REQUIRED WORK -
Write out the whole listing, matching it exactly.

RECORDS -
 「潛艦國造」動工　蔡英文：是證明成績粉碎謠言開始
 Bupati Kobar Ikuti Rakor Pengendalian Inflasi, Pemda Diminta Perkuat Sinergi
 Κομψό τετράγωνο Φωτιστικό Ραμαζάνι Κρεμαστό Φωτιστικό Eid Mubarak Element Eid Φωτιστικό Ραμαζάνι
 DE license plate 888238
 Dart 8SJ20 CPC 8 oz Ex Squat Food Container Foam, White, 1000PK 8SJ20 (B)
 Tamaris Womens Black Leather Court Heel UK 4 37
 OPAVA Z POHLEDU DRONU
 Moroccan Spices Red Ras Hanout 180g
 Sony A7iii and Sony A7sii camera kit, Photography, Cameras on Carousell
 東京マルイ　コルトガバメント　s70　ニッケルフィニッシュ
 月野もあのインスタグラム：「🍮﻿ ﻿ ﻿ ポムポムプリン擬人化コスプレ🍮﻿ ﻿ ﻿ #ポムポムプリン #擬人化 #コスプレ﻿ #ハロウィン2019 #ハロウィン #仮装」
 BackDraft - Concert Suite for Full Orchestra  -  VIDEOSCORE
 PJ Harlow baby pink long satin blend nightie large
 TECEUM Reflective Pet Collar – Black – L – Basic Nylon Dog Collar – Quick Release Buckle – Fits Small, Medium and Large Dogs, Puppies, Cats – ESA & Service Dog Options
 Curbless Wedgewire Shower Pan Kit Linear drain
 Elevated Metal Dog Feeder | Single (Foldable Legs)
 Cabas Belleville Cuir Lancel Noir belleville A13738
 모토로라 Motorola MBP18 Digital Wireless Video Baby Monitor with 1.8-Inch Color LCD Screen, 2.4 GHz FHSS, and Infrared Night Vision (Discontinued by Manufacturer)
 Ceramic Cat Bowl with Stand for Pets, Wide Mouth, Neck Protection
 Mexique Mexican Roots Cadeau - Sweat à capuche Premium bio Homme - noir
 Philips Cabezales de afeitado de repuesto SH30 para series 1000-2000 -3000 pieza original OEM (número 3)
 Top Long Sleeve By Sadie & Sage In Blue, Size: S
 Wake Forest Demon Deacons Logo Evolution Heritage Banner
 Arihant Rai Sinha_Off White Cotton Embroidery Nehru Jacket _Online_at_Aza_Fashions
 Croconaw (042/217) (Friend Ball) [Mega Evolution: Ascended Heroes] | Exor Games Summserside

TASK RESPONSE -
 「潛艦國造」動工　蔡英文：是證明成績粉碎謠言開始
 Bupati Kobar Ikuti Rakor Pengendalian Inflasi, Pemda Diminta Perkuat Sinergi
 Κομψό τετράγωνο Φωτιστικό Ραμαζάνι Κρεμαστό Φωτιστικό Eid Mubarak Element Eid Φωτιστικό Ραμαζάνι
 DE license plate 888238
 Dart 8SJ20 CPC 8 oz Ex Squat Food Container Foam, White, 1000PK 8SJ20 (B)
 Tamaris Womens Black Leather Court Heel UK 4 37
 OPAVA Z POHLEDU DRONU
 Moroccan Spices Red Ras Hanout 180g
 Sony A7iii and Sony A7sii camera kit, Photography, Cameras on Carousell
 東京マルイ　コルトガバメント　s70　ニッケルフィニッシュ
 月野もあのインスタグラム：「🍮﻿ ﻿ ﻿ ポムポムプリン擬人化コスプレ🍮﻿ ﻿ ﻿ #ポムポムプリン #擬人化 #コスプレ﻿ #ハロウィン2019 #ハロウィン #仮装」
 BackDraft - Concert Suite for Full Orchestra  -  VIDEOSCORE
 PJ Harlow baby pink long satin blend nightie large
 TECEUM Reflective Pet Collar – Black – L – Basic Nylon Dog Collar – Quick Release Buckle – Fits Small, Medium and Large Dogs, Puppies, Cats – ESA & Service Dog Options
 Curbless Wedgewire Shower Pan Kit Linear drain
 Elevated Metal Dog Feeder | Single (Foldable Legs)
 Cabas Belleville Cuir Lancel Noir belleville A13738
 모토로라 Motorola MBP18 Digital Wireless Video Baby Monitor with 1.8-Inch Color LCD Screen, 2.4 GHz FHSS, and Infrared Night Vision (Discontinued by Manufacturer)
 Ceramic Cat Bowl with Stand for Pets, Wide Mouth, Neck Protection
 Mexique Mexican Roots Cadeau - Sweat à capuche Premium bio Homme - noir
 Philips Cabezales de afeitado de repuesto SH30 para series 1000-2000 -3000 pieza original OEM (número 3)
 Top Long Sleeve By Sadie & Sage In Blue, Size: S
 Wake Forest Demon Deacons Logo Evolution Heritage Banner
 Arihant Rai Sinha_Off White Cotton Embroidery Nehru Jacket _Online_at_Aza_Fashions
 Croconaw (042/217) (Friend Ball) [Mega Evolution: Ascended Heroes] | Exor Games Summserside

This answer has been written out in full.